I have data that is mostly organized in a way that I can convert and import into a spreadsheet. But certain lines have carriage returns and text that my current batch file won't use.
Good Data:
Pipers Cove × 2 $25.00
Pipers Cove Petite × 2 $25.00
Pipers Cove Plus × 2 $25.00
Nordic Club × 2 $25.00
Whiteout × 1 $12.50
Bad Data:
Pipers Cove Kids × 2
Size:
Large - ages 10 to 12
$20.00
Pipers Cove Kids × 2
Size:
Medium - ages 6 to 8
$20.00
Pipers Cove Kids × 2
Size:
Small - ages 2 to 4
$20.00
I need to remove the 2 lines starting with Size
, Small
, Medium
, or Large
and have the dollar amount follow the quantity number so my batch file can convert it to a CSV file and so on.
@ECHO OFF
SETLOCAL
SET "sourcedir=U:\sourcedir"
SET "destdir=U:\destdir"
SET "filename1=%sourcedir%\q40953616.txt"

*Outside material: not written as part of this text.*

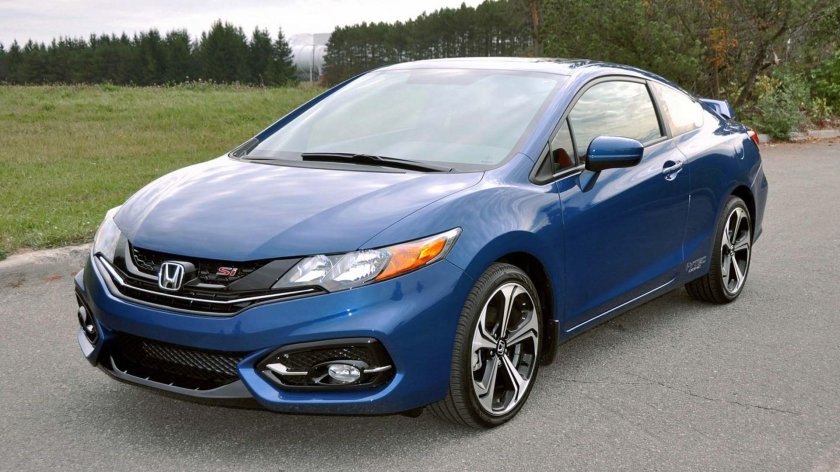 Honda Civic 2015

SET "outfile=%destdir%\outfile.txt"
SET "part1="
(
FOR /f "usebackqdelims=" %%i IN ("%filename1%") DO (
ECHO %%i|FIND "$" >NUL
IF ERRORLEVEL 1 (
REM $ not found - set part1 on first such line
IF NOT DEFINED part1 SET "part1=%%i"
) ELSE (
REM $ found - see whether at start or not
FOR /f "tokens=1*delims=$" %%a IN ("%%i") DO (
IF "%%b"=="" (
REM at start - combine and output and reset part1
CALL ECHO %%part1%% %%i
SET "part1="
) ELSE (
ECHO %%i
)
)
)
)
)>"%outfile%"
GOTO :EOF
You would need to change the settings of sourcedir
and destdir
to suit your circumstances.
I used a file named q40953616.txt
containing your data for my testing.
Produces the file defined as %outfile%
Scan each line of the file. If the line does not contain $
then save the first such line in part1
.
Otherwise, tokenise the line. If there is only 1 token, then the $
is at the start of the line, so it needs to be output combined with part1
Otherwise, just regurgitate the line.
Although you did not show any own efforts, I decided to provide a solution as the task at hand appears not that trivial to me.
The following script -- let us call it clean-up-text-file.bat
-- ignores only lines that begin with the words you specified. Any other lines are appended to the previous one until a $
sign is encountered, in which case a new ine is started. With this method, no lines can get lost unintentionally.
@echo off
setlocal EnableExtensions DisableDelayedExpansion
rem // Define constants here:
set _WORDS="Size","Small","Medium","Large"
for %%F in (%*) do (
set "COLL=" & set "FILE=%%~F"
for /F delims^=^ eol^= %%L in ('type "%%~F" ^& ^> "%%~F" rem/') do (
set "LINE=%%L"
(echo("%%L" | > nul find "$") && (
setlocal EnableDelayedExpansion
>> "!FILE!" echo(!COLL!!LINE!
endlocal
set "COLL="
) || (
set "FLAG="
for %%K in (%_WORDS%) do (
(echo("%%L" | > nul findstr /I /R /B /C:^^^"\"%%~K\>") && (
set "FLAG=#"
)
)
if not defined FLAG (
setlocal EnableDelayedExpansion
rem // The following line contains a TAB character!
for /F "delims=" %%E in (^""!COLL!!LINE! "^") do (
endlocal
set "COLL=%%~E"
)
)
)
)
)
endlocal
exit /B
To use the script, provide your text file(s) as (a) command line argument(s):
clean-up-text-file.bat "good.txt" "bad.txt"
Every specified file is modified directly, so take care when testing!